The truth of the matter, as always, is not so clear cut. Borland has announced that it’s looking to sell off its IDE business, including all the developers and staff responsible for producing and selling JBuilder, as well as Delphi, C++Builder, C#Builder and others. The announcement has a number of encouraging quotes by the company’s chief product evangelist about the products’ bright future in the “new company.”

When such a company will eventuate, and whether or not it will have the budget and drive to keep JBuilder in the competitive Java IDE game (currently dominated by Eclipse and NetBeans, with IDEA a trendy contender), remains to be seen.

As a longtime JBuilder user, I always enjoyed the product’s rich feature set. It always seemed like if it was worth doing, JBuilder could do it. It wouldn’t always be easy or attractive, but you could do it. Borland recently released JBuilder 2006, the twelfth major release of the IDE, where the major changes (aside from supporting new standards and technologies) were in the area of team development: with the new version, two developers can work together on a piece of code, each from his or her own desktop. The IDE provides tools for the developers to chat and give/take control over a shared code view.

But as JBuilder has evolved over the past few years, I’ve observed more and more focus on producing new “peripheral” features like these, while the core experience of day-to-day coding has remained relatively unchanged. As its innovative competitors have deployed rich coding assistance tools (such as static analysis of source code in IDEA and continuous integration in Eclipse), JBuilder’s efforts in these areas have seemed unpolished in some cases.

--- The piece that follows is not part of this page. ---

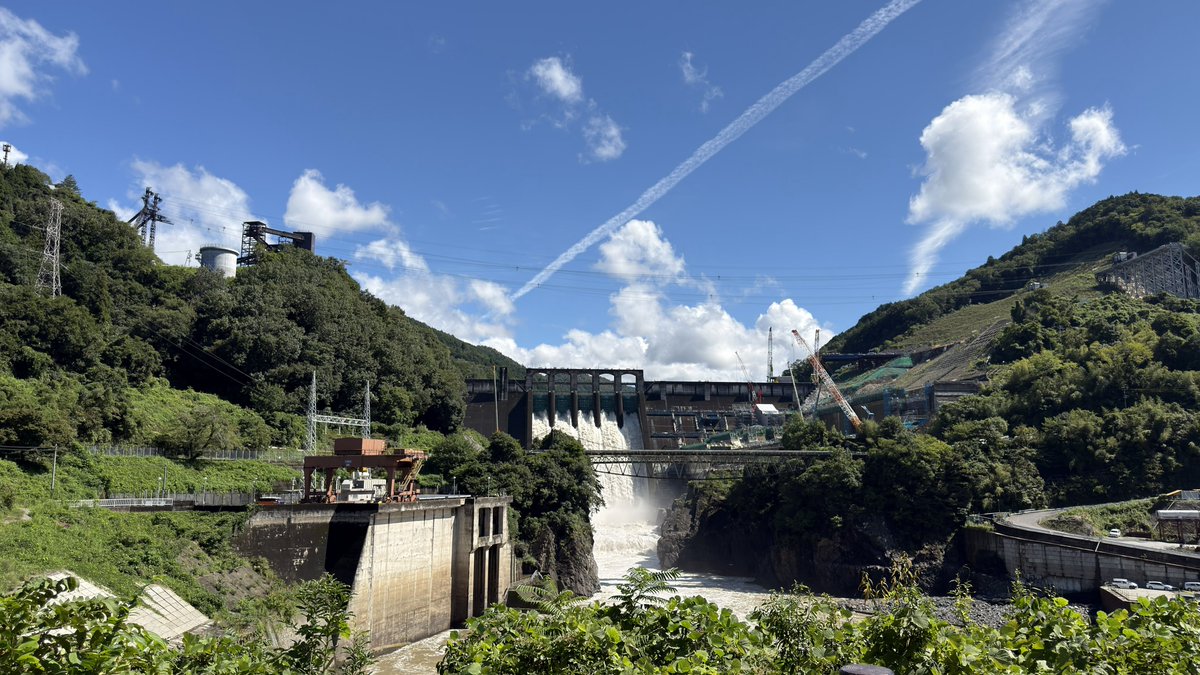 UmaKakeashi's tweet photo. いい天気 https://t.co/xSn5jAonGy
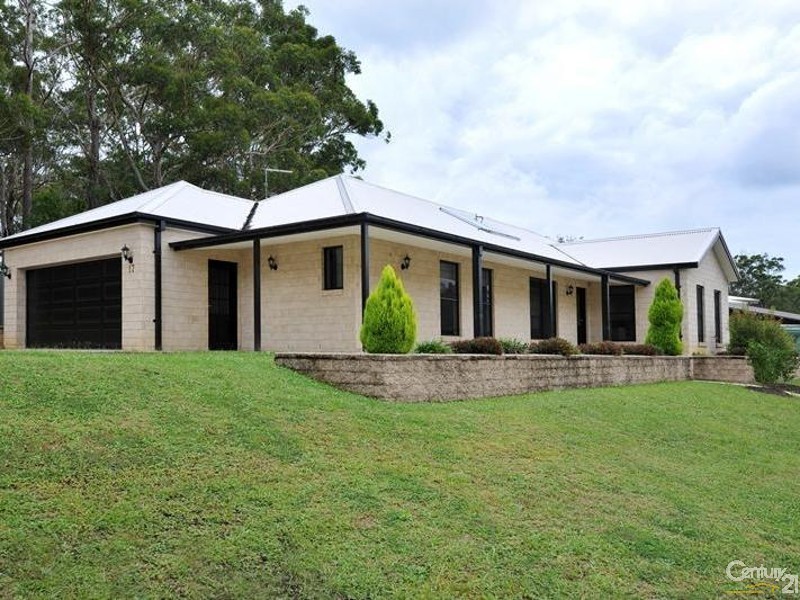 17 Langsford Way, Valla Beach NSW 2448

Several months ago, I took the plunge and switched to IntelliJ IDEA, which offers free licenses to developers who work on open source products like I do. Although there were a few features I missed from JBuilder (such as support for JAR archive signing in the build process), the overall environment and workflow just felt more polished, and more carefully thought out, while JBuilder always felt like just a dazzling collection of features.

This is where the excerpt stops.